Where slacking is a sport, reading an addiction, and underachievement a birthright

Browsing Posts published on February 27, 2007

I’ve spoken quite nonchalantly about Generation X, of which this blog/site is a major theme, and Y, the younger followers whose technological savvy make up for their lack of years, as though the terms were so ubiquitous everyone knew what I was talking about when either group was mentioned.

However, this is certainly not the case, and while there are many people about whom I write who could fit the general characteristics of one of these subcultures, it’s not necessarily the rule. 

I can only write about my own experience of being part of this demographic, but I cannot define it.  I don’t believe any single person could.  From some, it’s nothing more than a marketing gimmick.  For others, it’s a technological cutoff from those who know and those who know they are clueless.

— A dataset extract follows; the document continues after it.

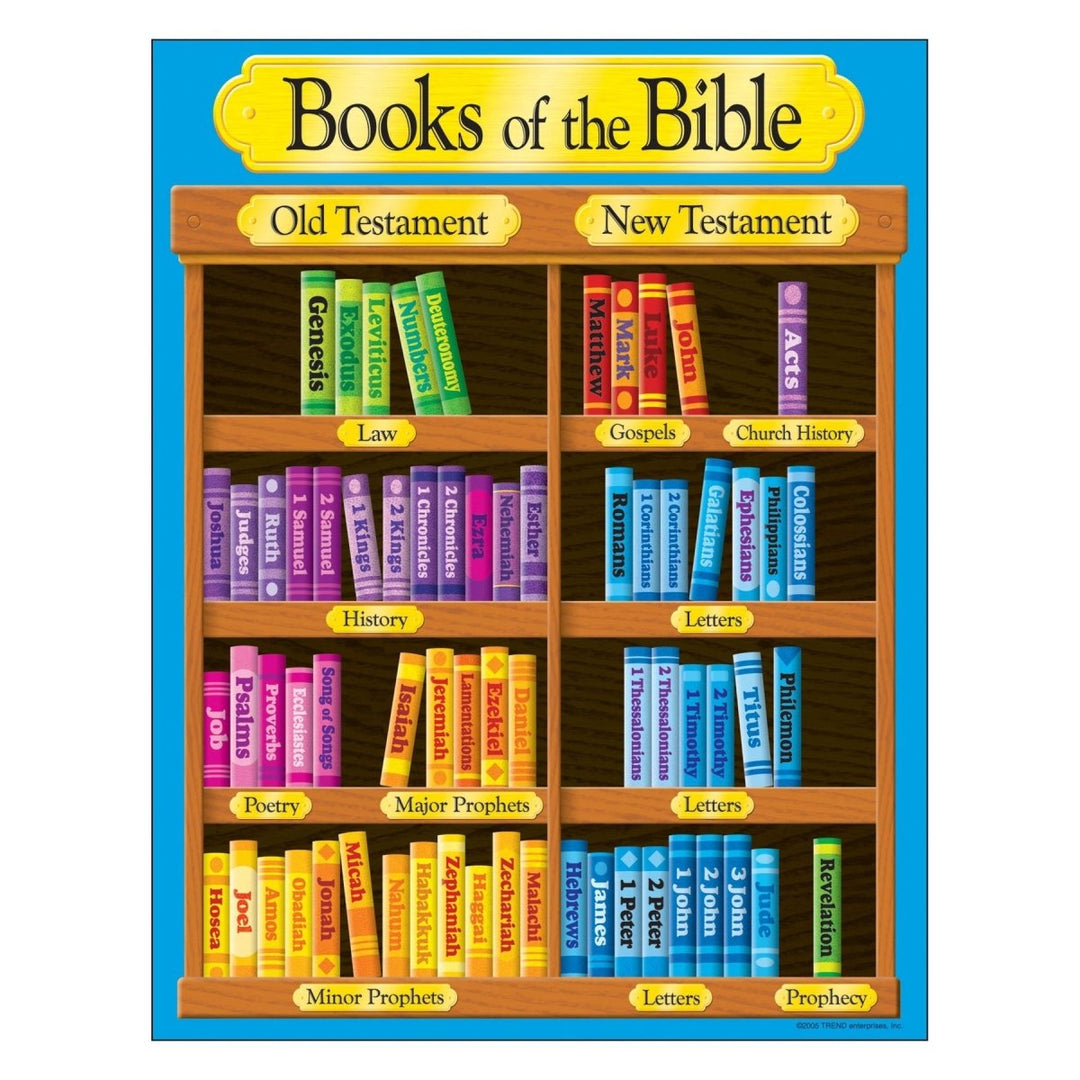 Books of the Bible Learning Chart-Religious-Tools 4 Teaching-Classroom Decor and More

Here is an article that tries to capture the direct mail habits (for marketing purposes of course) of those strange creatures born between 1965 and 1994.  I think 1994 might be pushing things as the limit to gen Y, but to each their own:  http://bigmarketing.wordpress.com/2007/01/30/marketing-to-generation-x-and-y/ 

I still think Wikipedia has the best overall definition/answer: http://en.wikipedia.org/wiki/Generation_X

Technology often is among the great demarcating lines that separates the genX’s from the genY’s.  Those of us from the lost time know as Generation X did grow up with technology (and when I say technology, I mean computers and related peripherals), but they were big, clunky, did little, and did not run on a Windows or Mac OS.  I remember in elementary school writing simple programs that were like:

10 for x=1 to 100
20 goto 10
RUN..and the thing would write the numbers from 1 to 100 really fast down the screen

You get the point.  You could make blocks of color, you could play Pong on your Commodor 64, but they weren’t exactly what we have today.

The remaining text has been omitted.